The resignation in one of Hong Kong’s best known international brands could portend greater pressure from Beijing on Hong Kong’s business community as the protests intensify. The airline’s management upheaval came a week after Beijing demanded that Cathay workers who participated in the demonstrations be barred from flying to mainland China and days after government officials met with top management.
Hong Kong companies are scrambling to assert that they side with the leaders of Hong Kong and China and against the unrest. Beijing may increasingly demand that they show that they mean it.
In a filing with Hong Kong’s stock exchange late Friday, Cathay said CEO Rupert Hogg was resigning effective Monday “to take responsibility as a leader of the company in view of recent events.”
Hogg acknowledged in an email to employees Friday evening that Cathay’s reputation and brand had come under immense pressure, “particularly in the all-important market of mainland China.”
“Could we have managed things differently? In hindsight, ‘Yes,’” Hogg wrote without elaborating.
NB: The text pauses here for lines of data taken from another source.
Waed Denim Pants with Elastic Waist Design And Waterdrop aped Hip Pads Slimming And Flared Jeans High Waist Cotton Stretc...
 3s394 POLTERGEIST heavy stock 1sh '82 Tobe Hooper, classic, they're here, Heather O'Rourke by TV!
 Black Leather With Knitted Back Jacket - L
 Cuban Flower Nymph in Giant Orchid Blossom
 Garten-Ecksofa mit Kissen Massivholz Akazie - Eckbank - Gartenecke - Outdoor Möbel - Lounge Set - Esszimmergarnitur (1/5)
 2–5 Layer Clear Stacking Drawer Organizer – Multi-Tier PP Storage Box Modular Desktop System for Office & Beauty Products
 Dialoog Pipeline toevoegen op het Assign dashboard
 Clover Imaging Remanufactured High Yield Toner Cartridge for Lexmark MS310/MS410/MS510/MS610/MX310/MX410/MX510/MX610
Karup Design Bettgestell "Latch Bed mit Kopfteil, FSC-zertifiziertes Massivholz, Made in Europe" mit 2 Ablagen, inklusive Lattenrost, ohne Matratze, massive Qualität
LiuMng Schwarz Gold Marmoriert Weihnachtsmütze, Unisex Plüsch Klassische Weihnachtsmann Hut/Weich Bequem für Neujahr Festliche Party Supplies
He could not be reached for comment.
The news was first reported by China Central Television, the official state broadcaster, minutes before Cathay Pacific issued its news release or posted its notice to the Hong Kong exchange.
Hogg, who began working for Cathay’s parent company in 1986 but had been CEO for only two years, found himself in an increasingly precarious position as this summer’s anti-government demonstrations intensified in Hong Kong, a semiautonomous region of China.
Protests over a proposed law that would have allowed the territory’s government to extradite criminal suspects to mainland China, where the Communist Party controls the courts, have broadened into demands that local leaders resign and that Hong Kong residents be allowed to vote in free elections.
The protests have also become bloodier, culminating this week in demonstrations at the city’s airport that snarled traffic and raised questions about Hong Kong’s future.
Big businesses have scrambled to reassure the Chinese government that they condemn the mayhem and support Hong Kong’s Beijing-approved leaders. Jardine Matheson, a Hong Kong-based conglomerate that owns the Mandarin Oriental luxury hotel chain, one of the territory’s largest property developers and other holdings around Asia, said Thursday that it “strongly supported” the local government and that recent violence had “seriously threatened the well-being of our community.”
On Friday, Hong Kong’s richest man, property tycoon Li Ka-shing, bought cryptic full-page ads in several local newspapers, calling in literary language for an end to the unrest.
Mainland China has huge economic heft in this city of 7 million people. Chinese buyers have sent property prices soaring, and mainland developers often outbid local rivals for choice patches of land in a city where attractive plots are scarce.
Cathay Pacific became the target of mainland China’s ire after one of the airline’s pilots was arrested late last month in Hong Kong and charged with rioting. Not long after, the airline said it would investigate accusations that its employees had leaked the travel information for a Hong Kong police soccer team.
In the past week, Cathay has fired four workers for misconduct related to the demonstrations. Hogg also warned employees against taking part in protests that had not been granted approval by Hong Kong authorities.